Should we be concerned that robots will ‘take all the jobs’? Certainly there is no shortage of exciting new technologies on the horizon and, although predictions of technological unemployment have never yet come to pass, it is worth assessing what we know about our labour market and automation.
- Looking backwards there has been a strong link between the ‘routineness’ of occupations and their decline.
- The decline in routine jobs is also associated with the ‘hollowing out’ phenomenon, whereby those jobs that were in the middle of the pay distribution have fallen as a share of total employment. However, there has been little change is the distribution of pay thanks to a counteracting ‘filling in’ of the middle of the labour market. Jobs such as those in secretarial work, administration and manufacturing have been replaced by (or re-categorised as) new jobs in business, management, science, teaching and care.
- Large sectoral declines in employment – as have been seen in many of the UK’s manufacturing industries over the past 20 years – are in part down to reduced inflows of young people, rather than just increased outflows to unemployment or inactivity.

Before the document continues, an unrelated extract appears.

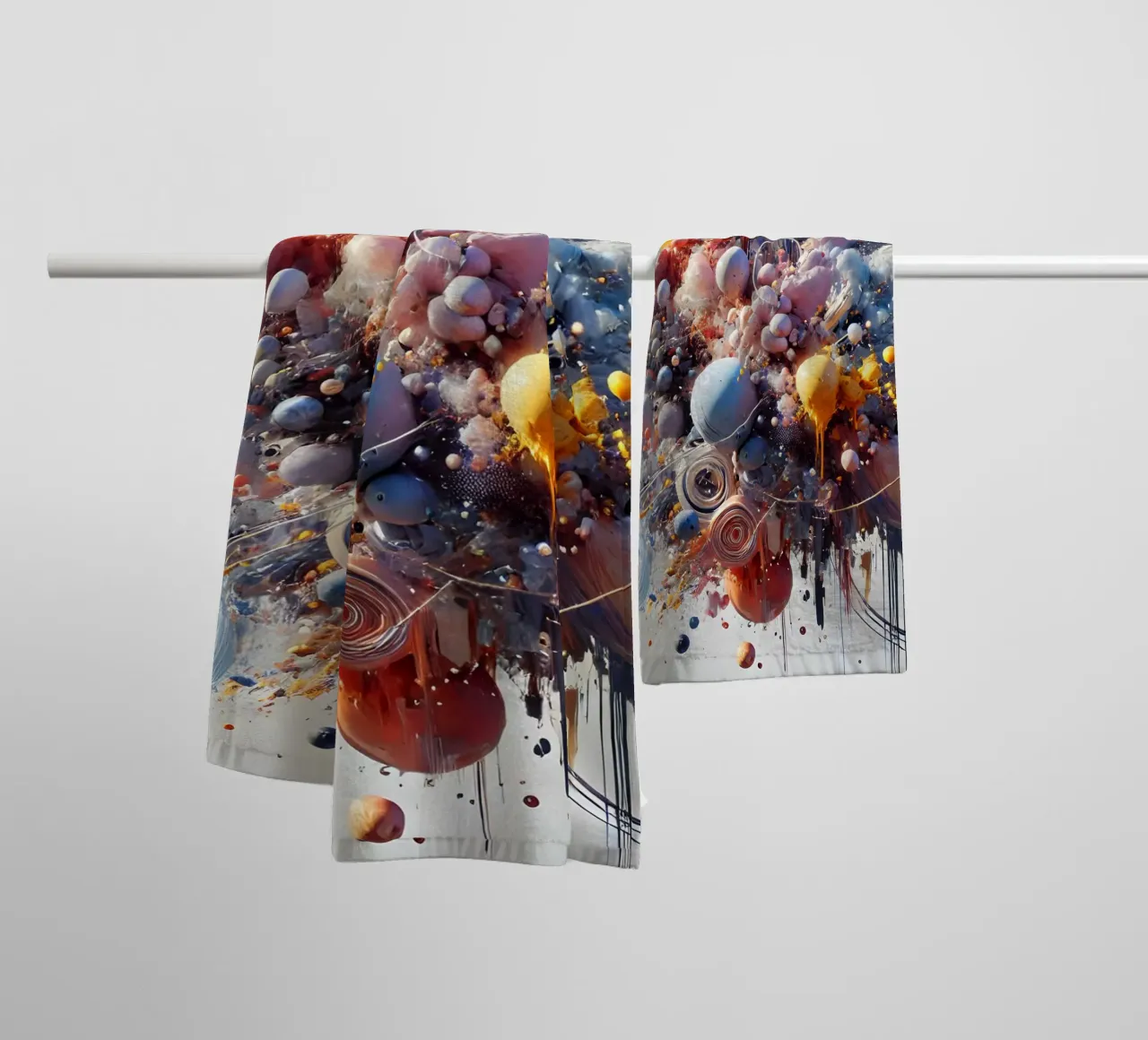 action splash abstract asciugamano da bagno da abstrakt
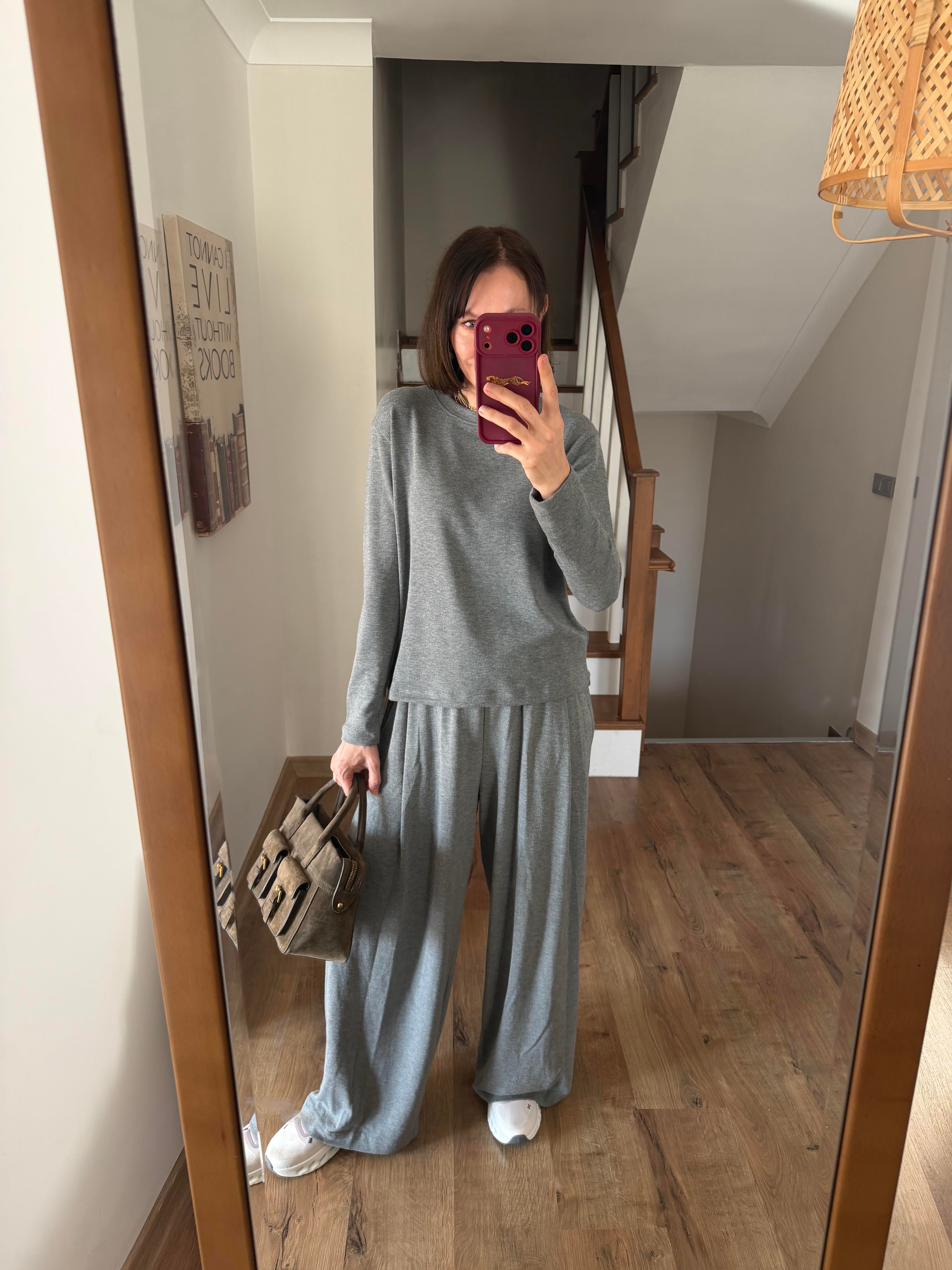 Gri Uzun Kollu Basic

- Given high employment, terrible productivity performance and low investment, the UK arguably needs more automation, not less. And public policy may be adding to this need. The welcome National Living Wage is increasing labour costs at the bottom, while the – as yet unclear – nature of Britain’s exit from the EU may lead to reductions in low-skilled immigration. Looking at those sectors with the highest proportion of EU migrants, we find that some (such as cleaning and domestic staffing) face relatively low prospects for automation, while others (such as agriculture, food manufacturing and food and drink services) may see new pressures (or opportunities) to automate.